Tenho vivido nestas férias, assumo, num limbo que me tem sido conveniente, de anestesia, indiferença, distração, remate rápido das coisas para cantinhos esquecidos da memória, do cérebro, do entendimento. Foi uma opção de pré-férias, uma disposição séria a que me propus, para que pudesse desligar, descansar, desfrutar de outras coisas INTEIRAS que também existem e tem-me sabido bem, isto, mas não sou ingénua e sei que o tempo não pode parar, ou andar mais devagar só porque nós queremos fazer perdurar (como se para sempre) sensações que nos são agradáveis. Não, de facto, ainda não somos senhores do tempo assim, dessa maneira e ainda bem, porque assim, não sendo, seremos sempre obrigados a reagir, a começar a despertar destas doces letargias, sacudindo estas teias de inação que se foram criando ao sabor do nosso comodismo. É este alerta sonoro que vai soando cá dentro, devagarinho, ainda um bocadinho ao longe, fazendo acender luzinhas da consciência e da maturidade que nos fazem perceber que a vida real é mesmo assim, desta forma e que não há volta a dar a isto... as férias estão a acabar e com elas acabará também este limbo em que tenho vivido, pois as rotinas que reiniciarão irão empurrar-me para ritmos e logísticas que exigem que esteja bem desperta.
Por circunstancias variadíssimas, muitas delas profissionais, não sei como virá a ser este meu pós-operatório... imagino-o lento, longo, mas não agonizante. Tenho esperança que consiga reagir depressa, adaptando-me a novas realidades, com uma plasticidade que se descobre às vezes ter em situações novas, diferentes, com uma capacidade de ver o bonito e gostoso dessas coisas INTEIRAS, agora de outra forma, só pela razão de que elas continuarão sempre lá, na mesma...

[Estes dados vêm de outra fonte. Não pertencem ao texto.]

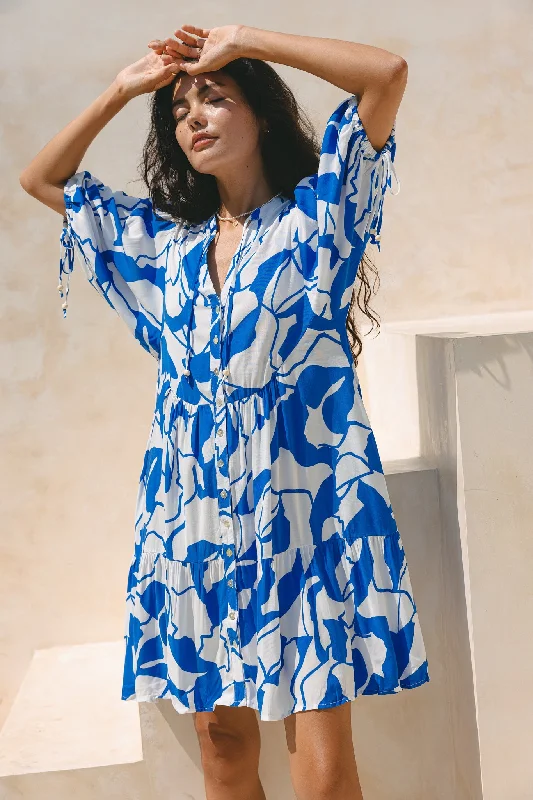 Calypso Blue Abstract Button Down Mini Dress Elegant Velvet Mini Dress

Hoje, quando a bola laranja de fogo do sol começou a cair até à linha do horizonte, tocando a água do mar, dando-me aquele espetáculo diário e gratuito de beleza sem fim, pensei neste meu pós-operatório que se aproxima e pensei, de imediato, no meu pai que, não irá estar lá comigo à espera que eu acorde, não me segurará na mão como fez há 20 anos, não me mostrará a sua ansiedade nervosa naqueles dois grandes olhos verdes que tinha, mas mostrar-me-á na mesma o caminho, fazendo-me ser forte e rápida na resposta e é nele que vou pensar quando o alerta sonoro que já oiço lá ao fundo, estiver aqui pertinho a fazer-me acordar!